FYI this was rolled back in https://github.com/bazelbuild/bazel/commit/aa2bc093d2b6be83ba9c5367537b424e6347d819.
@lberki The rollback reason is "Breaks targets on TGP.". Could you provide details that allow me to reproduce this externally?
@fmeum I have no idea, I'm at the moment acting in my capacity as the Person Who Rolls Back Problematic Changes (and rolling it back didn't require any domain knowledge)
My hunch is that this is simply an extremely badly behaved internal test case, but I don't quite have the capacity to do the debugging. @comius how to proceed here?
@fmeum I have no idea, I'm at the moment acting in my capacity as the Person Who Rolls Back Problematic Changes (and rolling it back didn't require any domain knowledge)
My hunch is that this is simply an extremely badly behaved internal test case, but I don't quite have the capacity to do the debugging. @comius how to proceed here?
@oquenchil Is it possible that some toolchain at Google is still using -Wl to pass linker flags and/or hasn't updated the wrapper? Based on the info I have, I would expect //third_party/crosstool/v18/stable:cc-compiler-k8-llvm (not entirely sure how the internal labels look like) to have an osx_cc_wrapper.sh that hasn't been updated with the same change I made to tools/cpp/osx_cc_wrapper.sh in this PR and include -Wl in its toolchain definition.
cc @buildbreaker2021 for the comment above since @oquenchil is on vacation this week.
I will have a look at this.
I've looked into this for a while, a couple of findings which might help:
- If src/main/java/com/google/devtools/build/lib/rules/cpp/LibrariesToLinkCollector.java is reverted to the previous state the target builds. So the culprit might be somewhere there.
- The target name contains a comma.
- I've also tried your suggestion about tools/cpp/osx_cc_wrapper.sh with no success.
I will continue looking into this for further investigation, also maybe I will find a way to reproduce this externally or find the reason behind failure.
@buildbreaker2021 Thanks for sharing your findings. Did you check whether the failing target uses any toolchains that still use -Wl rather than -Xlinker?
I think I got to the bottom of this. After comparing linker commands there were still usages of -Wl. I have a fix unless it does not break anything else. I will try to re-merge this tomorrow.
@buildbreaker2021 Friendly ping, were you able to fix the remaining -Wl uses?
Hey, I think I have the fix, but from our side it requires quite a bit of testing, I've kicked it off this morning.
@buildbreaker2021 Friendly ping, would be great to get this in before the release baseline is cut if there are no real blockers.
@meteorcloudy I'll add this to the list of issues for the 6.0 milestone to be considered as a requirement for 6.0 . I personally don't think this should block 6.0 (it's been delayed enough), but it's useful to keep track of the "nice to haves" for that release.
@fmeum The change from our side is not straightforward.
So our change which is required for the fix is instant(does not require a release to be picked up). However the rest of the changes in the PR require a release.

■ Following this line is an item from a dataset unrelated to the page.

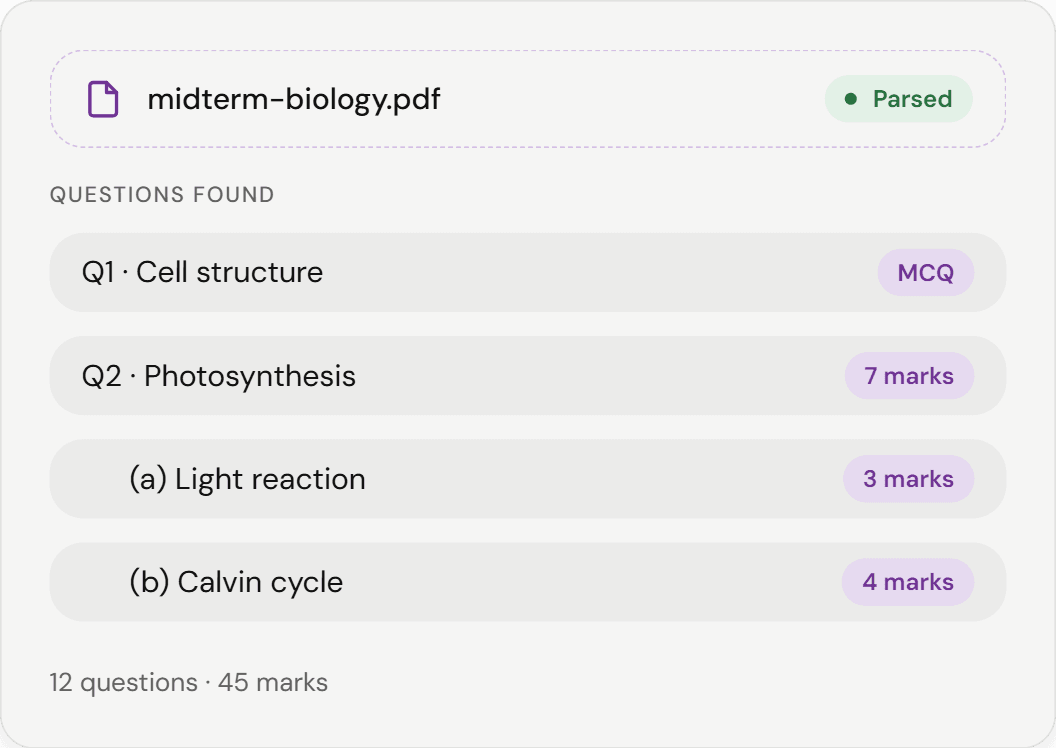 The uploaded file midterm-biology.pdf marked as parsed, with the questions found listed beneath it: Q1 Cell structure, Q2 Photosynthesis and its sub-questions (a) Light reaction and (b) Calvin cycle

Also the fix which I have in mind cannot work without the changes in the PR.
To sum it up:
- We release the fix with the PR - fix is picked up instantly the PR is not, so the fix without PR is breaking tests.
- We release fix first PR second - same problem as in 1.
- We release PR first and the fix second - this is the reason for the current rollback.
I am pretty sure there is a way around this, it is not just straightforward.
The solution which I currently have in mind, would require at least 1-2 weeks, depending on the internal Bazel release time.
@buildbreaker2021 In case that would help, I'm happy to make my PR public domain (or whatever is needed) and have you integrate it in your fix CL so that you can merge both simultaneously without going through the import step.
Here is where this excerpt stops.